「スウィングの始動前に、肺の奥底に少しだけ息を吸い込みお腹に溜めると、インパクトで力が入る」――金井清一|ゴルフは名言でうまくなる
「ゴルフスウィングでは、どのような呼吸法を行うとスムーズに振れて、かつ力も入るのか?」という疑問は、向上心のあるゴルファーなら、一度は考えたことがあるのではないだろうか。合気道などの武道では、よく呼吸法によって力を出すと言われているので、ゴルフスウィングにも通じるのではないかと思うからだ。
ゴルフスウィングと呼吸法
テニスプレーヤーには、ショットの瞬間に「アゥッ!」とか「ウ~ン」というような大きな声を出してインパクトするプロ選手が結構いる。有名なところではシャラポワ選手などがそうだ。インパクトにかけて声を出すということは、息を吐きながらインパクトしたほうが力を出せるのだろうか。 空手の瓦割りの演武や、日本刀での居合切りの演武を行うときにも、「トリャー!」とか「トウッ!」のように大きな声を発している。これらは気合を示すためでもあるのだろうが、やはり一瞬に力を集中させる効果もあってのことではないだろうか。 そうであれば、ゴルフスウィングにおいても、声を出すかどうかはともかく、インパクトに向かって息を吐くような呼吸法が、飛距離をアップさせるということはないのだろうか。 こういう疑問を、レジェンドアマチュアの中部銀次郎さんに問いかけた記者がいたが、銀次郎さんの答えは「どういう風に呼吸するかなんて、考えたことがない」というものだった。
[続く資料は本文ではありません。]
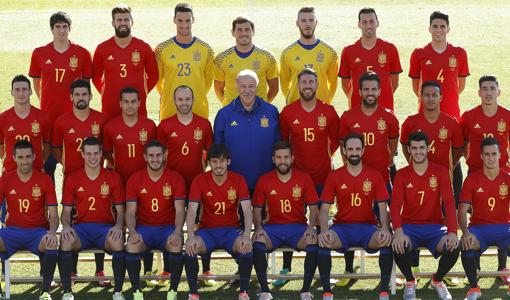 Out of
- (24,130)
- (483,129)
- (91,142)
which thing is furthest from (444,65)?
(24,130)

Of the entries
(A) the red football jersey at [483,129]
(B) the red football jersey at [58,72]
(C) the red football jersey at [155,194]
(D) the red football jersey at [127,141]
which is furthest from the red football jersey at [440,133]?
(B) the red football jersey at [58,72]

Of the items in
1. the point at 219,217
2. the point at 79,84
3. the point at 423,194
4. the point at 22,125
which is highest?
the point at 79,84

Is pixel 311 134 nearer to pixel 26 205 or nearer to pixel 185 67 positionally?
pixel 185 67

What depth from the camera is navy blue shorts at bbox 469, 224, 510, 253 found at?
8703mm

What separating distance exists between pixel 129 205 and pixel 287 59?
223 centimetres

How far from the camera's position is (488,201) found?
8852 mm

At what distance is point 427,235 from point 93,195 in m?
2.93

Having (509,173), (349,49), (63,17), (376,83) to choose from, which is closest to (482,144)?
(509,173)

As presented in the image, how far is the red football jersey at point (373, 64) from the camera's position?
980 cm

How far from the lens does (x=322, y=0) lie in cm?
3023

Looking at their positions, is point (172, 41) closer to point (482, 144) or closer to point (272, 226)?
point (272, 226)

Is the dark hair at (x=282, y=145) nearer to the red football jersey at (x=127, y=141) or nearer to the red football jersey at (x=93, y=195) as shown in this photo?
the red football jersey at (x=127, y=141)

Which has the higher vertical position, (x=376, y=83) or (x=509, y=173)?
(x=376, y=83)

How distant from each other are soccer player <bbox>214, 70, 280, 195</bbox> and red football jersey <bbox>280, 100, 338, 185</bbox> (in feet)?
0.44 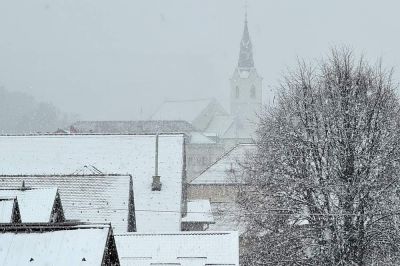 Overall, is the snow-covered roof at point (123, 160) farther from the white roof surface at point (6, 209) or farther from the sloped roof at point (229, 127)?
the sloped roof at point (229, 127)

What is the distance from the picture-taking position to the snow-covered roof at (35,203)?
19.7 m

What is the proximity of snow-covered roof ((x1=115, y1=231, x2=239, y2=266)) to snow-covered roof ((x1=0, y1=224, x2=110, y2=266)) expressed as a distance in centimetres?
747

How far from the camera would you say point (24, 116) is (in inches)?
6220

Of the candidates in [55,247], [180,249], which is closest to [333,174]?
[180,249]

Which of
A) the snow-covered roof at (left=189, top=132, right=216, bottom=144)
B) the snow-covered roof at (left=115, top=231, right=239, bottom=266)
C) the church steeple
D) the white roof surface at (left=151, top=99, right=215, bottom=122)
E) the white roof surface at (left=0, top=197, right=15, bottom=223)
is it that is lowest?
the snow-covered roof at (left=115, top=231, right=239, bottom=266)

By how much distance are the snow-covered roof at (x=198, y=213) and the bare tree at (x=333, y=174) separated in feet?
25.0

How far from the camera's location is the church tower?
13300cm

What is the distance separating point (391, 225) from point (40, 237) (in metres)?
14.8

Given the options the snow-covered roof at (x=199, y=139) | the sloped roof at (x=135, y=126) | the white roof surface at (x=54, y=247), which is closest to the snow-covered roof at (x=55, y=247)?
the white roof surface at (x=54, y=247)

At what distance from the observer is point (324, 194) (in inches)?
995

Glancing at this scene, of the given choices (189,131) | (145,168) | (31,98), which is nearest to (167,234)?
(145,168)

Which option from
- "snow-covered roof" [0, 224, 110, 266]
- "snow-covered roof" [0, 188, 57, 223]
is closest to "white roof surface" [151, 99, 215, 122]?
"snow-covered roof" [0, 188, 57, 223]

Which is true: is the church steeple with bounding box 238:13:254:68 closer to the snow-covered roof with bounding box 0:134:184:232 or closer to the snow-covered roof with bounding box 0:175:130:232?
the snow-covered roof with bounding box 0:134:184:232

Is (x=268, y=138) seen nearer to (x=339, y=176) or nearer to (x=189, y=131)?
(x=339, y=176) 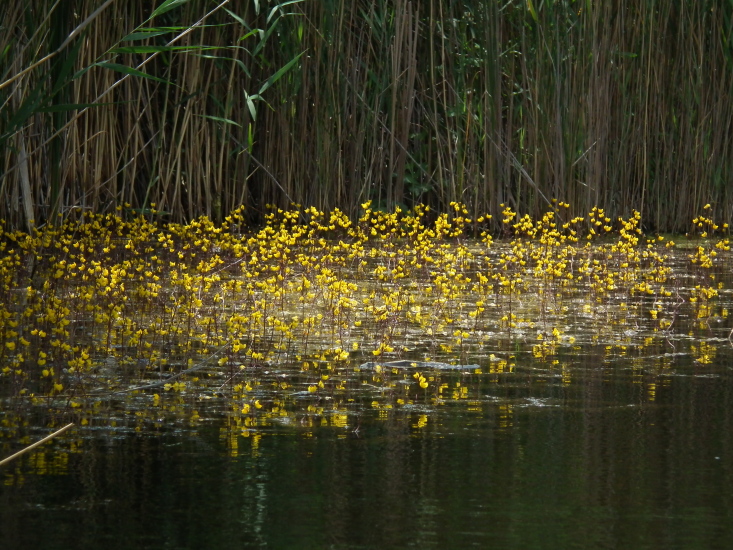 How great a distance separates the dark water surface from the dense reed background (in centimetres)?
518

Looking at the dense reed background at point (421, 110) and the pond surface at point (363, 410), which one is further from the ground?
the dense reed background at point (421, 110)

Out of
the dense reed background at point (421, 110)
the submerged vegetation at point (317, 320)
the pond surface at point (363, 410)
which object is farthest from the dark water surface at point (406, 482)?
the dense reed background at point (421, 110)

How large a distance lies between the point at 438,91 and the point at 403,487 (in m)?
7.16

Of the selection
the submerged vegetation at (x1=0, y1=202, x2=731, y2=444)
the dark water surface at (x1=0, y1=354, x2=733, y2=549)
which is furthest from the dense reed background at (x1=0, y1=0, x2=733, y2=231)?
the dark water surface at (x1=0, y1=354, x2=733, y2=549)

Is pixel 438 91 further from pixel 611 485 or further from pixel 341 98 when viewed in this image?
pixel 611 485

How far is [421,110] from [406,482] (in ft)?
23.3

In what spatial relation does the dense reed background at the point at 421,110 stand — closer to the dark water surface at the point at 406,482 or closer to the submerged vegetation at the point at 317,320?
the submerged vegetation at the point at 317,320

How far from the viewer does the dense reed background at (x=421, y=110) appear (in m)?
8.64

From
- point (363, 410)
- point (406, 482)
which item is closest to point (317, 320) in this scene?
point (363, 410)

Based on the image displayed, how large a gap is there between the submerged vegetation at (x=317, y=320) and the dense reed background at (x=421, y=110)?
681 mm

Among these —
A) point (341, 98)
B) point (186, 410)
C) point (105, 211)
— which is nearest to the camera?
point (186, 410)

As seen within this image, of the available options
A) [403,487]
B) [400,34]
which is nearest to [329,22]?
[400,34]

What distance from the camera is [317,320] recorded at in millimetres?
5105

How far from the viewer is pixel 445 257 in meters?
7.43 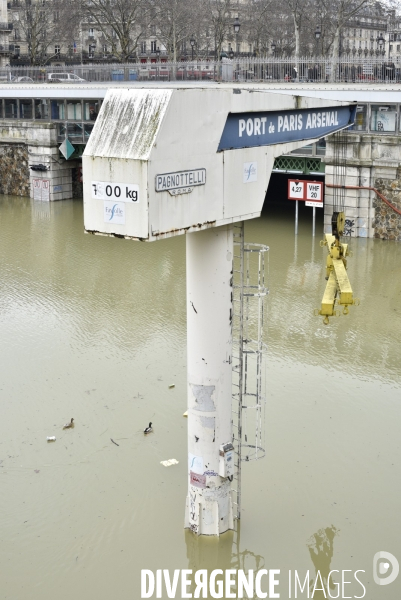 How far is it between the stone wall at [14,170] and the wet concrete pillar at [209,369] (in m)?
29.5

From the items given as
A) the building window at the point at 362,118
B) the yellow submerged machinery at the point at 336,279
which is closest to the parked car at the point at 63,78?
the building window at the point at 362,118

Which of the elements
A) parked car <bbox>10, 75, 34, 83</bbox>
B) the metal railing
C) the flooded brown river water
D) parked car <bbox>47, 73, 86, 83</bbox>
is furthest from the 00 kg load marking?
parked car <bbox>10, 75, 34, 83</bbox>

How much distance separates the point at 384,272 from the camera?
2388 centimetres

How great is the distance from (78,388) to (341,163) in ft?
48.8

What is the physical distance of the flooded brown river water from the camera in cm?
1063

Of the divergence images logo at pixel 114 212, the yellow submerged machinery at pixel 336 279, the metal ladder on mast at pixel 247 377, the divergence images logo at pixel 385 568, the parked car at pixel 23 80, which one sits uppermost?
the parked car at pixel 23 80

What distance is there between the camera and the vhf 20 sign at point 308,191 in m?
27.7

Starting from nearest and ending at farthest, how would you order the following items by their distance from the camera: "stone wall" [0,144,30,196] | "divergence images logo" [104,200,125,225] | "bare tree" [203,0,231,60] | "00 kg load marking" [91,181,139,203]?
"00 kg load marking" [91,181,139,203] → "divergence images logo" [104,200,125,225] → "stone wall" [0,144,30,196] → "bare tree" [203,0,231,60]

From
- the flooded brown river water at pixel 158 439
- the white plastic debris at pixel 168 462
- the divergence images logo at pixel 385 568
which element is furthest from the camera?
the white plastic debris at pixel 168 462

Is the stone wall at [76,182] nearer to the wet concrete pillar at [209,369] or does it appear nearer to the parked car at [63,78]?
the parked car at [63,78]

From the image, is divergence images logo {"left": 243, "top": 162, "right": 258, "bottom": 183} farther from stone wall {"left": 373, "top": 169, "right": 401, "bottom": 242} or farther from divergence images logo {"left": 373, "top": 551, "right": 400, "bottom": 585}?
stone wall {"left": 373, "top": 169, "right": 401, "bottom": 242}

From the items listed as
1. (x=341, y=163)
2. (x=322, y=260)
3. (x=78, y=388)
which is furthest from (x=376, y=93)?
(x=78, y=388)

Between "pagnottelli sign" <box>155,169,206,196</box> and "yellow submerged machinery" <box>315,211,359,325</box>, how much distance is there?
3.25 metres

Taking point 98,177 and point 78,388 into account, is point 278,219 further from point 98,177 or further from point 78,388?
point 98,177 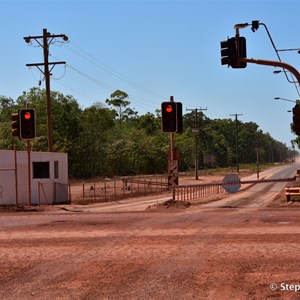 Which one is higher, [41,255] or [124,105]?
[124,105]

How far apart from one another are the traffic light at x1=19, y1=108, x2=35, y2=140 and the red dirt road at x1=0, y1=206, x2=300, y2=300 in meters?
7.99

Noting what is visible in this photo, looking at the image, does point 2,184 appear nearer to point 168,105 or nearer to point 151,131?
point 168,105

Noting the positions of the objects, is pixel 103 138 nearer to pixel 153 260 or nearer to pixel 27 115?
pixel 27 115

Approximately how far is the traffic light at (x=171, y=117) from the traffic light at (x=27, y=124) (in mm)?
5436

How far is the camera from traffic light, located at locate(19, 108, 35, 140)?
71.9 ft

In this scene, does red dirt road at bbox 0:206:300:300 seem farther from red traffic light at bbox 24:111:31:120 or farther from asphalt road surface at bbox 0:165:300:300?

子どものころからゴルフを始め、本能のおもむくままに練習してきたゴルファーは、呼吸のことなど何も考えずに力の入るスウィングを身に付けてしまうから、そういう回答になるのだろう。
スウィング中の呼吸の感覚はプロでもさまざま
実際、多くのプロに同じ質問をしても、同様の返答が多いようだ。 アドレスの前には体の空気を全部吐きだし、ゆっくり吸いながら構える。そしてまた吐き出す。でも、スウィング中のことは考えてはいません。(田中秀道) スウィング中、息を止めながらも、吐きながらも振ることがある。その時、その時で違います。(奥田靖己) 僕は構えて息を吸って吐いて、それから止めたままスウィングしているようですね。無意識のうちにそんなリズムになったみたいです。(高橋勝成) 呼吸の大切さはバイロン・ネルソンも言っています。私の場合、スウィング中は特に呼吸をしている意識はありません。(ベン・クレンショー) 僕も含めて多くのプレーヤーが深呼吸を行っている。これはリラックスの鍵だ。でもスウィング中の呼吸についてはわからない。(ボブ・ツェー) スウィング中の呼吸だって? 特になにもしてないし、スウィングの間、どうなっているかなんてわからないよ。(ジェフ・スルーマン) これらのプロたちも、とても若いころからゴルフスウィングになじんできた俗にいうナチュラル・ゴルファーだから、「聞かれてみればこうしているかもしれないが、実際のところよくはわからない」と回答するのだろう。 これに対し、明確に呼吸法を意識している選手もいた。 飛ばしたかったらバックスウィングで深く吸い込み、インパクトかその直後で強く吐く!(中村寅吉) 「ボールに気合を乗せなきゃ思い通りにゃ飛ばないよ」という名言を残した寅さんは、バックスウィングで息を吸い、インパクトで強く吐くという呼吸法を意識的に実践していたらしい。 青木功プロも、明確にスウィング中の呼吸について解説していた。 「アドレスの時に息を吸って、3秒ほど吐くと肩の力が抜けて、上体がリラックスする。ここで止めておいて一気にフィニッシュまで振り切る。1回のスウィングに要する時間は2秒たらず。この間、吸いもしなければ吐きもしない」 青木プロは、スウィングを始める前に息を吐き、吐ききる少し前に少しだけ肺に空気を残しておいて息を止め、止めたままスウィングしていたようだ。 このように、呼吸に対して無意識の人、吐きながら打つという人、息を止めて打つという人とさまざまで、統一性がないように思える。また、日ごろから呼吸法を訓練することやショット前の深呼吸の重要性を語るレッスンは多く見られるが、スウィング中にどう呼吸すべきかを詳しく説明した例はあまり見当たらない。